▸ Task
Restate, word for word and with no pictures, the stretch of lines in the data below that begins at the line with "Продажа 1 комнатной квартиры в центре ." and ends at the line with "Kapuspen TNI Kunjungi", inclusive.

▸ Listed records
■ ■ ■

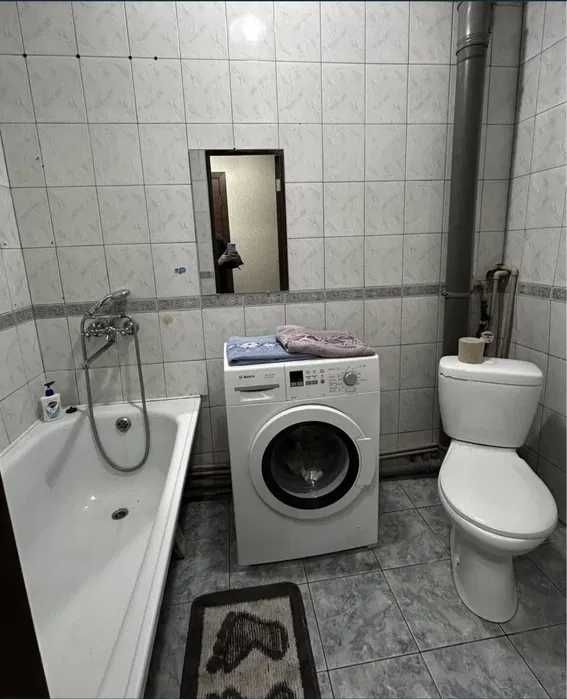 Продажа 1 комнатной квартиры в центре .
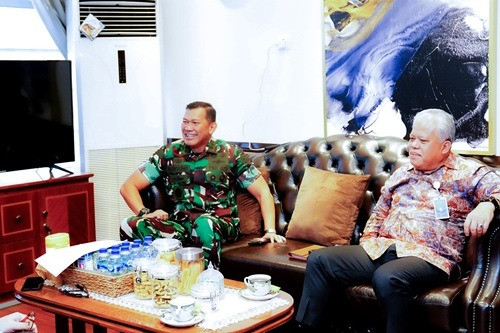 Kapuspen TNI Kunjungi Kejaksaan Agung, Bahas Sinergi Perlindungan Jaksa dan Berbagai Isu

■ ■ ■

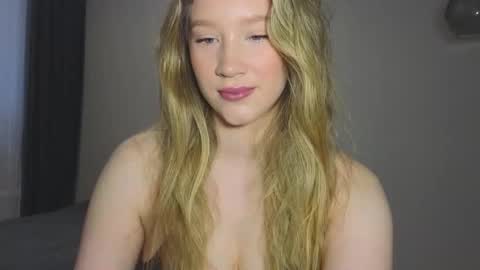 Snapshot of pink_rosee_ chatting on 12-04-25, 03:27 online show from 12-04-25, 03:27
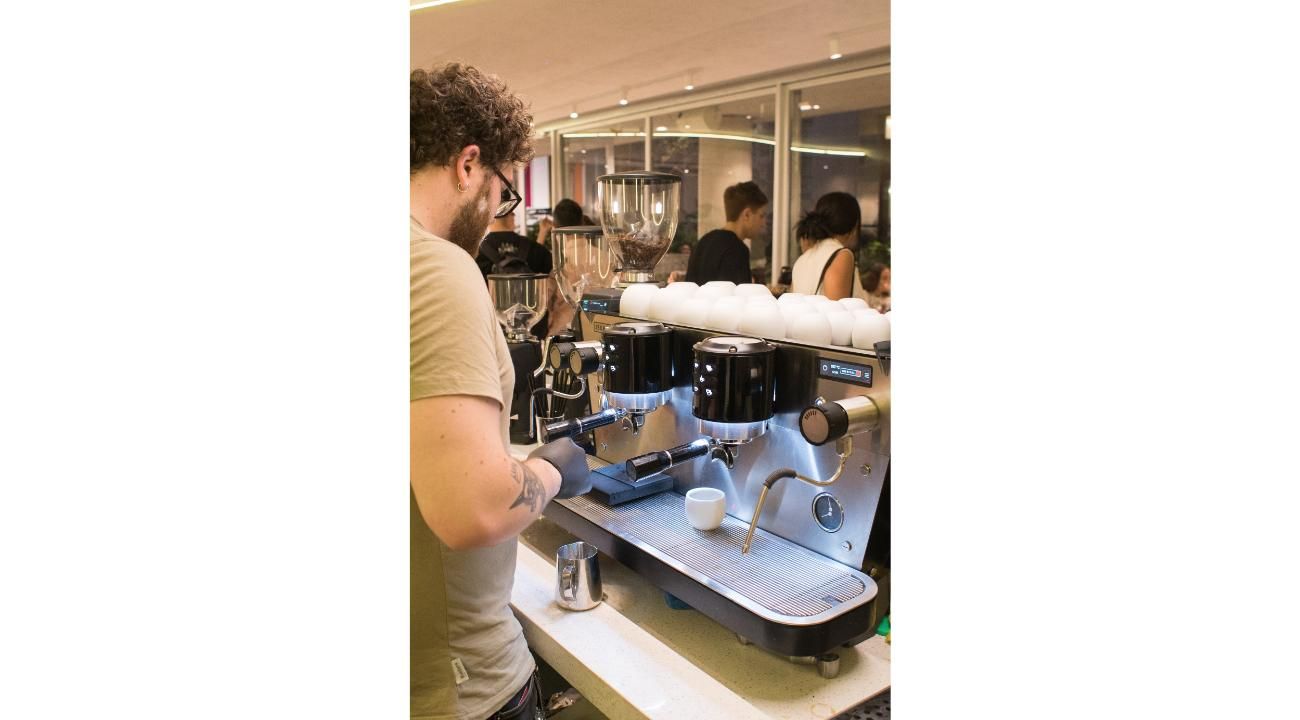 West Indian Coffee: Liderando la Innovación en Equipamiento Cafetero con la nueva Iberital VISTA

■ ■ ■

▸ Output for this task
 Продажа 1 комнатной квартиры в центре .
 Kapuspen TNI Kunjungi Kejaksaan Agung, Bahas Sinergi Perlindungan Jaksa dan Berbagai Isu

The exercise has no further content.